John Lewis appeared on at least 127 imprints between 1731 and 1755, nearly all of which were religious in nature. In 1743 he sold the first of some seventeen works by the popular Baptist poet and polemicist Anne Dutton (1692-1765), a friend and correspondent of Whitefield. All seventeen titles by Dutton were printed by John Hart at Popping’s Court, Fleet Street, and also sold by Ebenezer Gardner in Gracechurch Street.
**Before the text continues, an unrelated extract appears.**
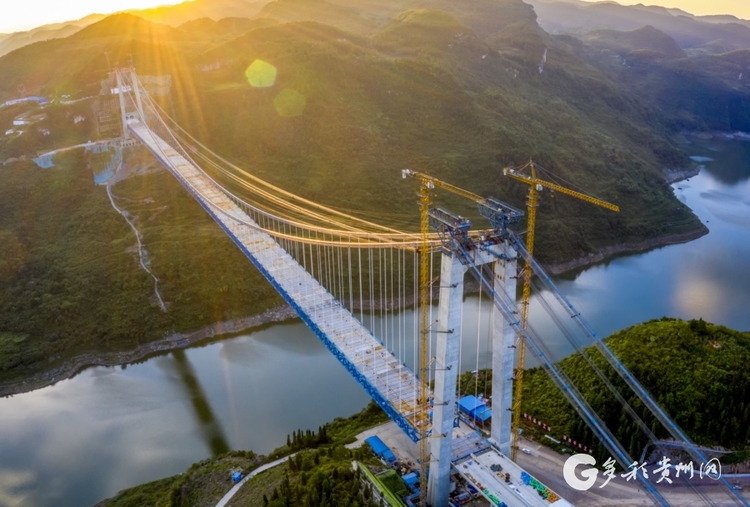 （中首）瓮开高速公路开州湖特大桥合龙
Besides Dutton’s writings, Lewis was the sole printer and seller of twelve titles by Cennick between 1741 and 1755. Lewis also contributed to the popularity of hymnals in the home and chapel through his involvement with Cennick’s Sacred Hymns for the Use of Religious Societies (1744), Morris Peleg’s The Favour’d Moment: Being a Collection of Hymns and Poems (1745), William Heard’s Hymns, or Spiritual Songs (1746), and William Cudworth’s A Collection of Hymns . . . For the Use of Religious Societies (1747). His output increased in his last two years (1754-55) to fourteen imprints (he was joined on three of them by his son, John, Jr.). He died in 1755 but was not buried in the Moravian burial ground for he never became a member of the congregation. His wife and daughter succeeded him in the business at 1 Paternoster Row. For more on Lewis and his family, see Timothy Whelan, "Mary Lewis and her Family of Printers and Booksellers, 1 Paternoster Row 1749-1812" Publishing History 85 (2021), 31-67.  Work on Lewis has also been done by Alison McNaught.